What is needed
From the line containing "Vintage lena fire" to the last line of the data below, copy everything exactly and nothing else; pictures stay out.

(Beginning of Data supplied)

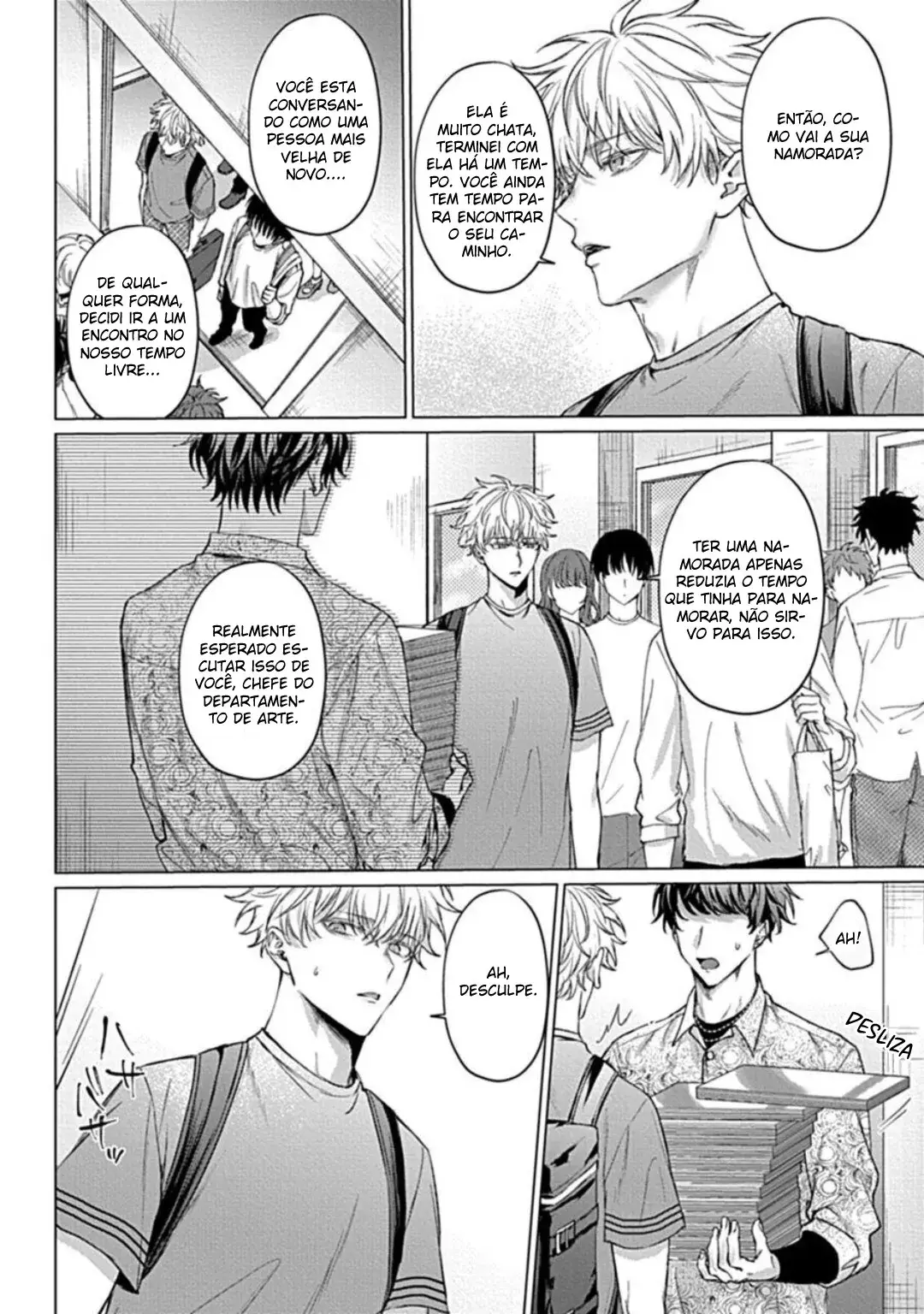 Abaite, Sono Me De – Capítulo One shot Yaoi – Página 5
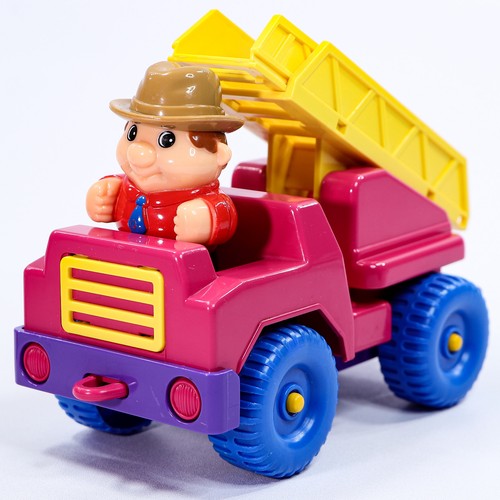 Vintage lena fire engine - vintage,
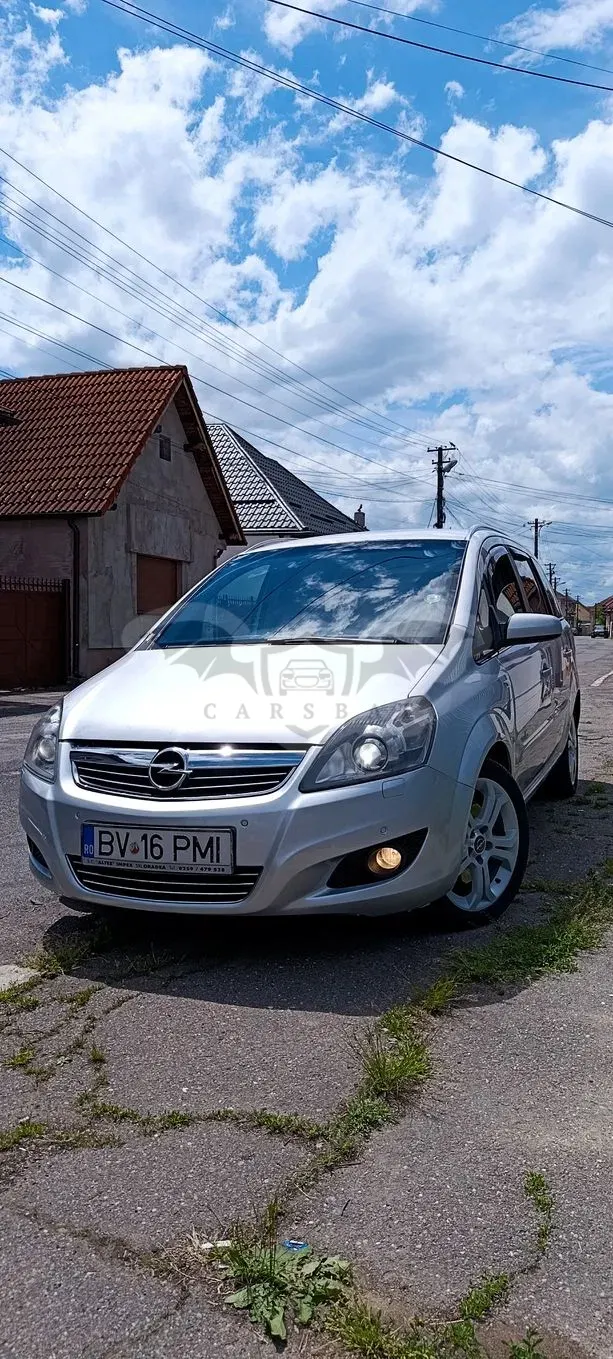 Opel Zafira B [2005 - 2010] 1.9 CDTI Cosmo 2009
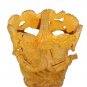 Wood Radha Krishna Statue Love Couple Figurine Hand Carved Radha Krishna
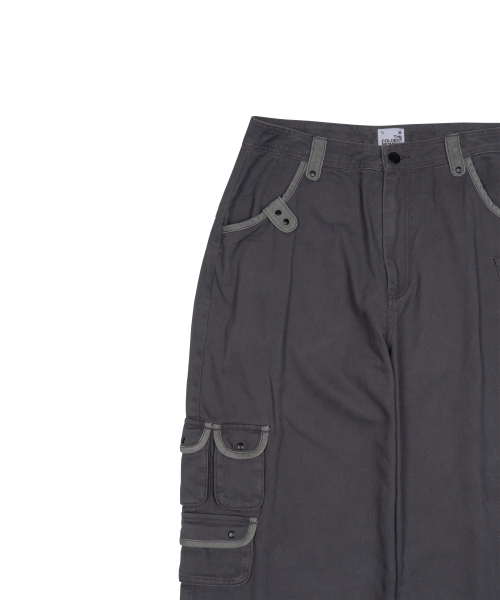 THECOLDESTMOMENT(ザコールデストモーメント)の「TCM multi cargo pants (navy)(その他パンツ・レディース・その他・SMALL/MEDIUM/LARGE)」の4枚目の写真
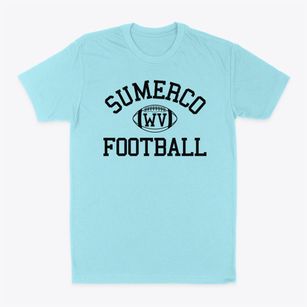 Sumerco West Virginia Football Classic Dad T-Shirt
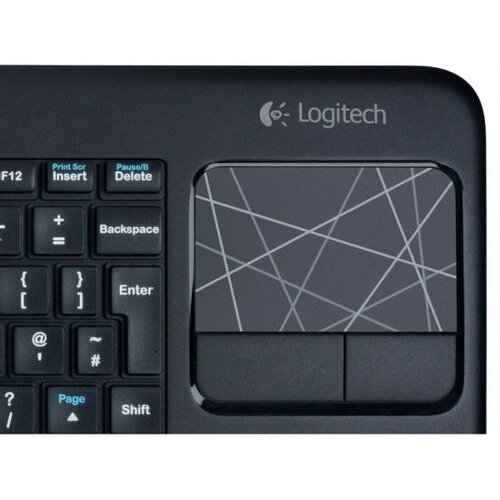 Logitech K400, Wireless Touch Black US USB tastatura Slike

(End of Data supplied)

Answer below
 Vintage lena fire engine - vintage,
 Opel Zafira B [2005 - 2010] 1.9 CDTI Cosmo 2009
 Wood Radha Krishna Statue Love Couple Figurine Hand Carved Radha Krishna
 THECOLDESTMOMENT(ザコールデストモーメント)の「TCM multi cargo pants (navy)(その他パンツ・レディース・その他・SMALL/MEDIUM/LARGE)」の4枚目の写真
 Sumerco West Virginia Football Classic Dad T-Shirt
 Logitech K400, Wireless Touch Black US USB tastatura Slike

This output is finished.